Still to be decided by the Supreme Court of British Columbia is the completion of a share exchange agreement and merger with First Exploration Fund 1987 which was voted on Feb 29. If the court sides with Equity Preservation, the company would be merged with Equity Reserve which is owned by First Exploration Fund 1987. Shares would then be distributed to the limited partners of First Exploration Fund 1987 in May.
The merger proposal was narrowly approved (75.96%) at the Feb 29 meeting, but the critical margin was only achieved after proxies sent by facsimile were included. An earlier count, which did not include those proxies, yielded an approval rate of 74.08%, slightly below the 75% margin required. The Supreme Court will have to decide on whether the facsimile proxies are valid.

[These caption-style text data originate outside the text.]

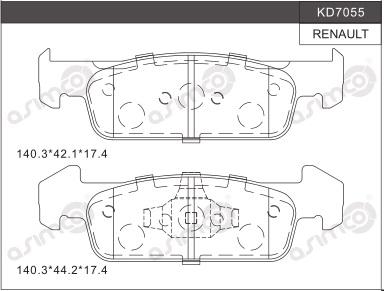 Asimco KD7055 - Əyləc altlığı dəsti, əyləc diski furqanavto.az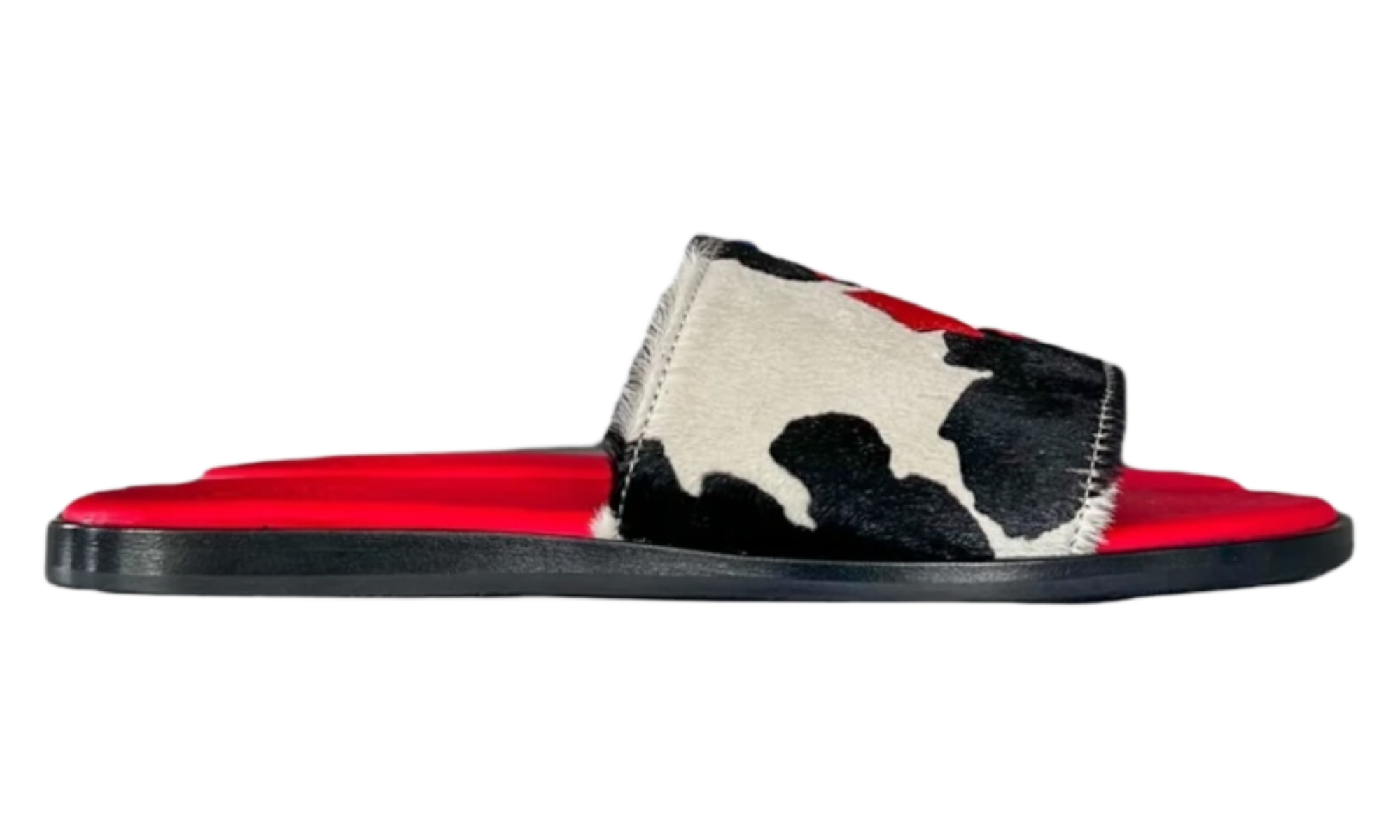 Chrome Hearts Red Cross Patch Cow Slides-Bullseye Sneaker Boutique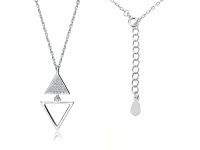 RODOWANY NASZYJNIK GWIAZD TRÓJKĄTY BIAŁE CYRKONIE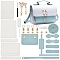 DIY Imitation Leather Sew on Women's Crossbody Handbag Making Kit, include Needle, Screwdriver, Thread, Cat Head Decorative Clasp, Magnetic Clasp, Aqua, Finished: 15x19x6cm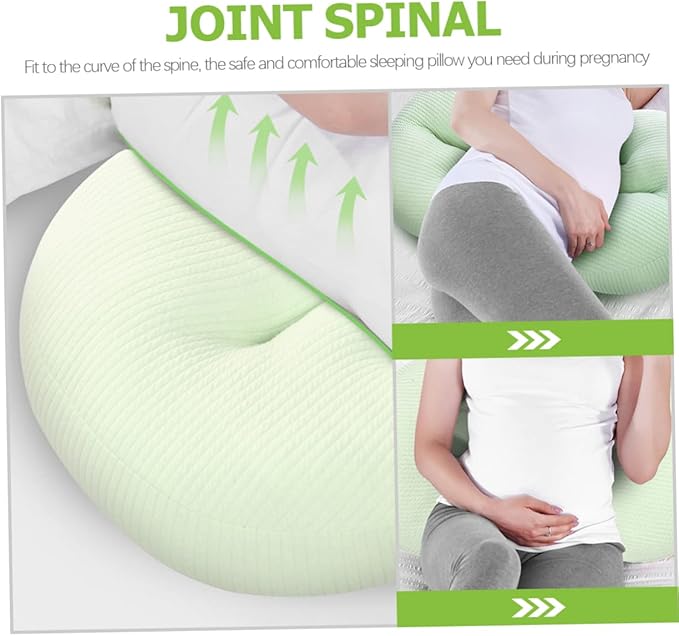 SOLUSTRE Shaped Pregnancy Pillow for Abdominal Support for Side Sleeping Ergonomic Design for Bump Relief for Pregnant Women and Seniors Soft and Breathable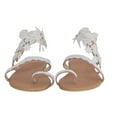 thumbnail image 5 of Lace Sandals Women Girls 2023 Dressy, WHITE Lace Wedding Sandals, White Toe Ring Thong Flat Sandals,Casual Lace Floral Beach Flip Flop ,Spring Summer Cute Sandals Shoes, 5 of 8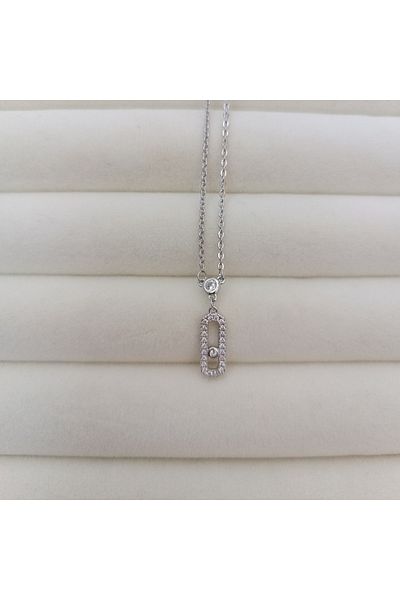 REBORN DESIGN Silver Color Minimal Zircon Stone Messika Necklace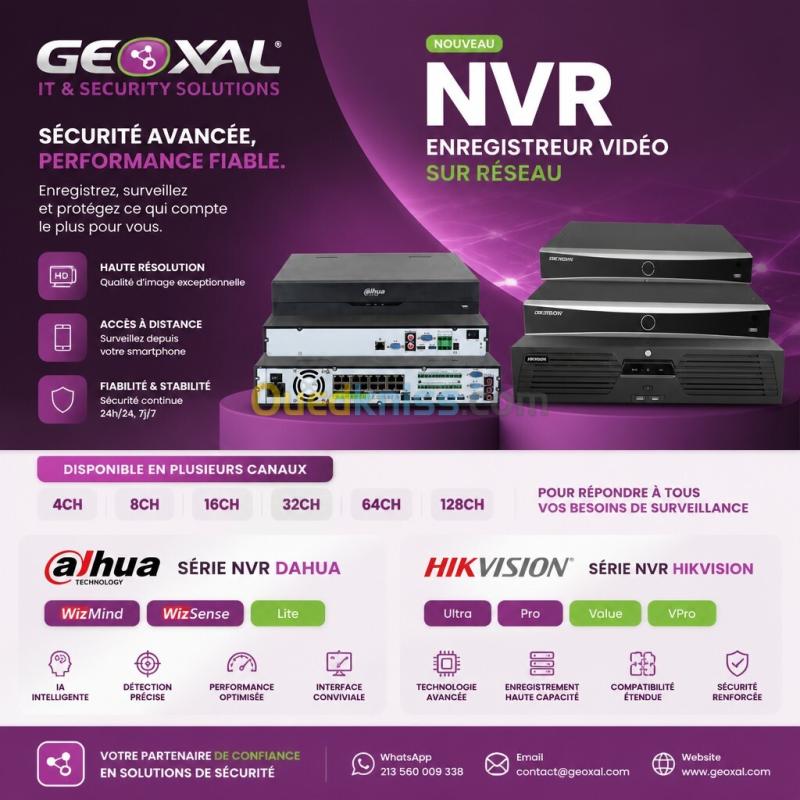 NVR Dahua & Hikvision - (4, 8, 16, 32, 64, 128 CH)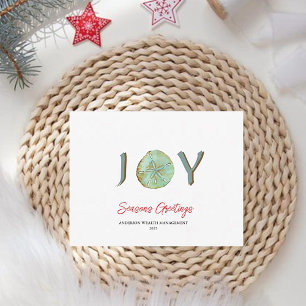 Modern Aqua Nautical Christmas JOY Holiday  Card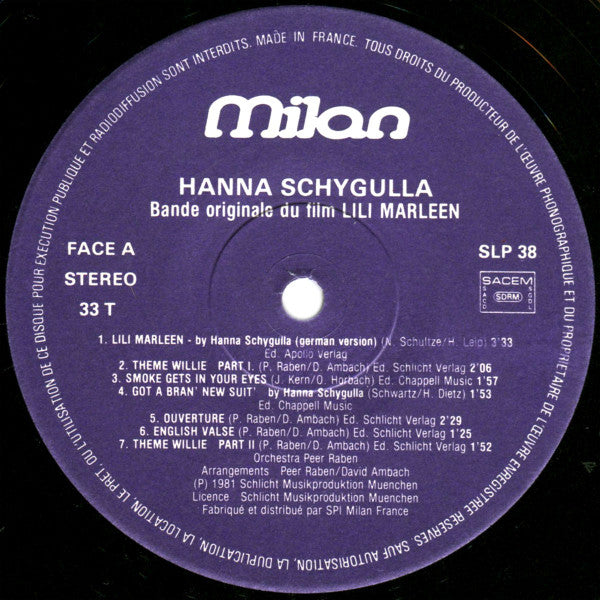 Hanna Schygulla, Orchester Peer Raben : Lili Marleen (Bande Originale Du Film) (LP, Album, Pur)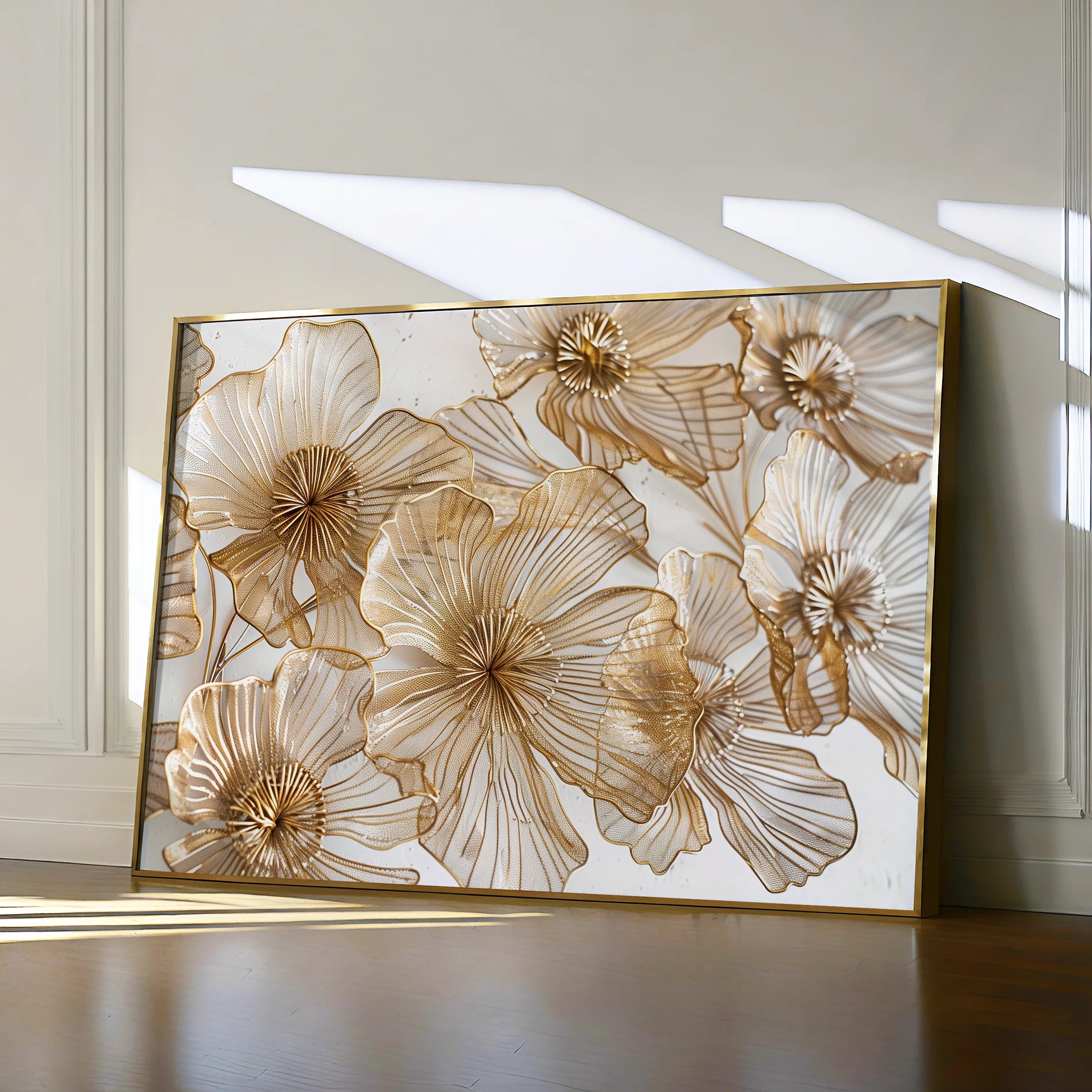 Floral 608 Canvas Art 60 x 40 cm / Black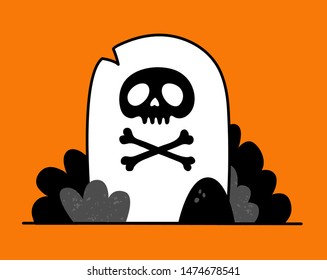 
Grave with a picture of a skull. Element for the decor for the holiday Halloween. Vector cartoon illustration. Orange background.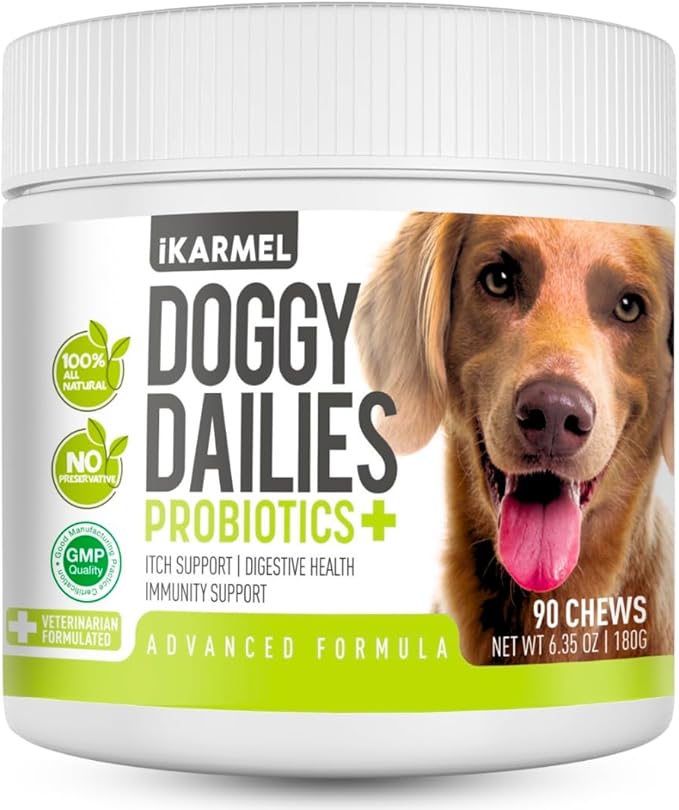 iKARMEL Doggy Dailies Probiotics for Dogs | Canine Supplements for Digestive and Immunity Support | Skin Health and Itch Relief | Vitamin Treats for Dogs | Probiotic (90 Chews)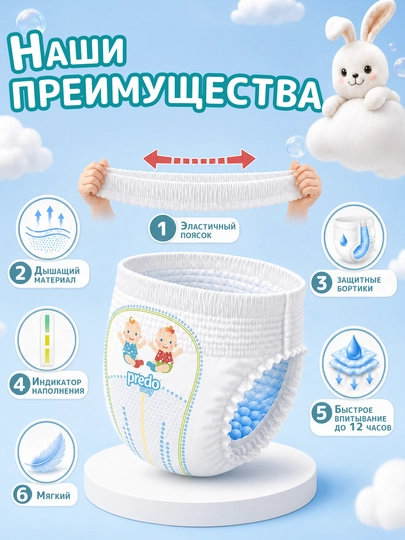 Predo Baby bolalar tagliklari, ichki kiyimlari. 3, 5, 6, 7-o‘lchamli tagliklar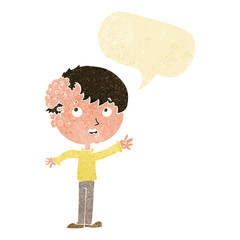 cartoon boy with growth on head with speech bubble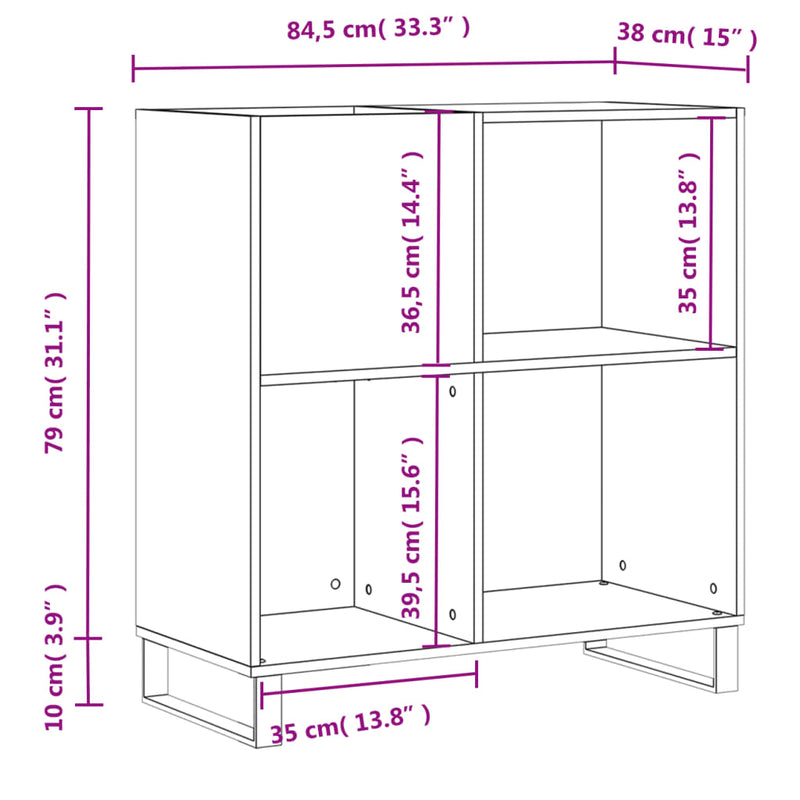 vidaXL fehér szerelt fa hanglemezszekrény 84,5 x 38 x 89 cm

CSA Management of Toronto attempted to scuttle Equity Preservation’s agenda and, indeed, tried to prevent a quorum by not voting its 7% share holding. But when the final count was in, Robert McEwen, president of CSA, failed to be re-elected to the board and his company’s investment management contract, worth about $500,000 per year, was not renewed. McEwen also objected to a private placement of 690,000 Equity Preservation shares which, he argued, would cause unnecessary dilution of its stock. The placement has been postponed for the moment but Equity Preservation has not ruled out its completion at a later date.
Equity Preservation has been limited to holding a 20% equity interest in any public company but shareholders agreed to remove this restriction; this would allow it to effectively control a public company like Nexus Resource Corp. in which it already holds a large share position.
The merged company would be called First Equity Gold Corp. and the value of its shareholding in various public companies is estimated to be over $50 million.